Azure Use Case – Intertech – Common DevOps Use Cases in Some of the Biggest Companies in the World

Azure Use Case – Intertech

While searching through use cases and scenarios, I absolutely fell in love with what Intertech did through the power of DevOps transformation. The fact that it used Azure is not as relevant as what it did with Azure and how it used the Azure and GitHub services to modernize and revolutionize its pipelines. This use case is all that DevOps is supposed to bring to a company in terms of value. It also addresses something that will become very relevant in the later parts of this book (where we are now): generative AI. Let’s take a look at the old Intertech workflow:

Figure 10.3 – Old Intertech workflow

This figure represents a sort of sunk cost fallacy, one that can lead to a severe loss of productivity. It represents how Intertech operated suboptimally and wasted much of their critical personnel in tasks that should have not been their concern in the first place. So, let’s look at how Intertech approaches this problem.
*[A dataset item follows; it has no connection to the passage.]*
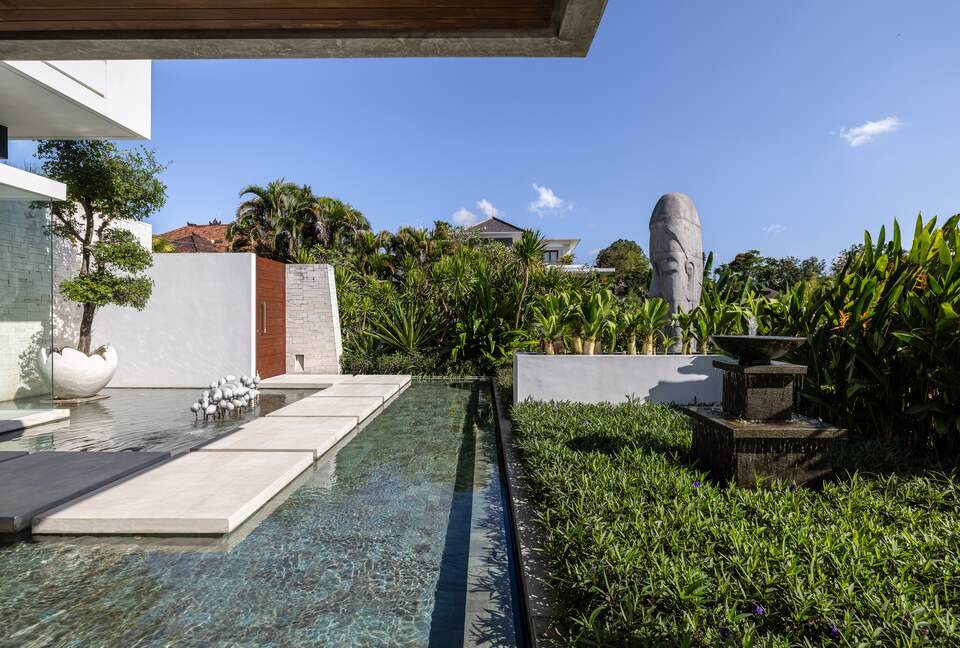 The Bali House | Jimbaran Hills - Bali, Indonesia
Let’s start with who Intertech are. They are an IT operations company that supports some of the largest business clients in Turkey with their infrastructure and operational needs. Now, you can imagine that this kind of operation would be pretty difficult to manage on a lot of levels. The pains are not very big; in fact, they are tiny cuts and pinpricks, but those are often the most annoying kinds of pain. They are irritating and distracting, and if you let them, they will steal your attention. In this section, we will talk about mental and physical anguish and how the fine people at Intertech worked to reduce it.

Scenario

Intertech worked in creating and maintaining solutions for some of the biggest companies in Turkey. Make a mental note of those two words: creating and maintaining. Those are two of the fundamental parts of developing any software solution, but they are very different from each other. To create something is to give it life; you’re giving birth, it’s painful, and it’s long, but it’s wonderful. Maintaining something is changing the diapers on the thing you gave birth to. It’s disgusting, but you are responsible for it and the toddler isn’t just going to take care of itself, no matter how prepared or independent it may be (and most toddlers are not). Keep this analogy in mind as it’ll follow us throughout the subsections. Years down the line, if I’m changing the diapers on this book to write a second edition, I will keep this in mind as well.
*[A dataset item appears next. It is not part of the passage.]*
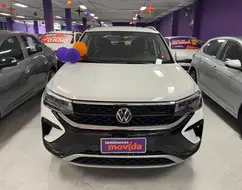VOLKSWAGEN TAOS 1.4 250 TSI TOTAL FLEX COMFORTLINE AUTOMÁTICO VOLKSWAGEN TAOS 1.4 250 TSI TOTAL FLEX COMFORTLINE AUTOMÁTICO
So, this was the difficulty facing Intertech: the balance of developing new projects while maintaining old ones. And the tasks to maintain the old ones were mundane, but they required man-hours, manpower, and a lot of power hours that could’ve been spent coming up with new ways to deliver value. The cycle of thought that runs between the initial problem and finally finding its solution requires precious time and intellectual effort that is usually significantly less than the capacity of the person solving it. Basically, it forces intelligent people to do dumb tasks.
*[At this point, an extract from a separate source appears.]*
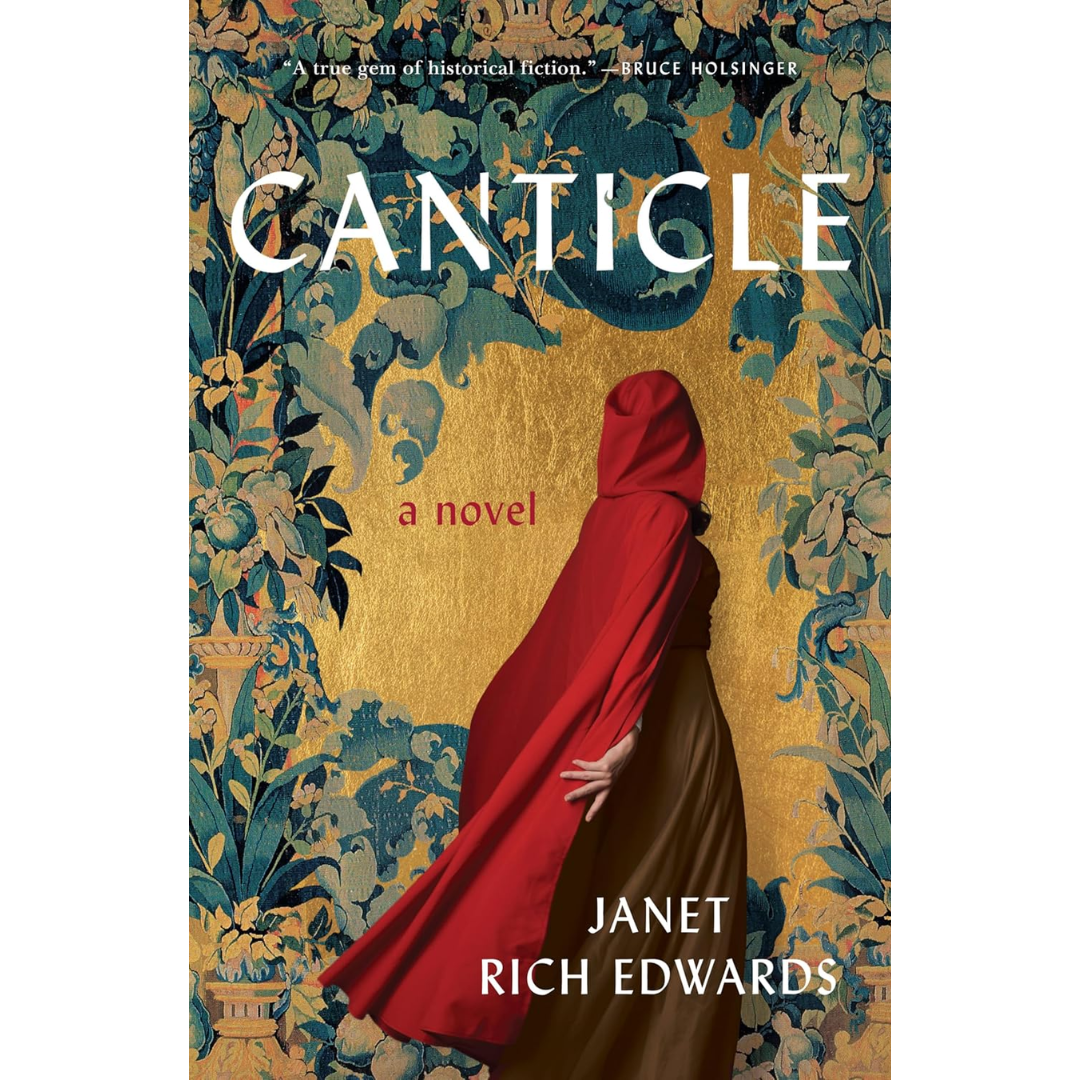 Canticle By Janet Rich Edwards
So, when thinking about the solution to this, what should be the first thing we think of? Perhaps there is a way in which solutions can be found without having to think about and research them too much. Not, of course, for critical, vital tasks that require actual focus but for mundane tasks that require several Googles of a bunch of terms to get to the appropriate Stack Overflow page and then copying and pasting that into a solution and running it a couple of times to make sure it works. Maybe there’s a tool that will collate all of this information and generate a simple concise solution for a simple mundane problem and save us all some time. Perhaps one that rhymes with hartificial fintelligence? Alright, nothing rhymes with artificial intelligence. AI, that’s what I’m talking about.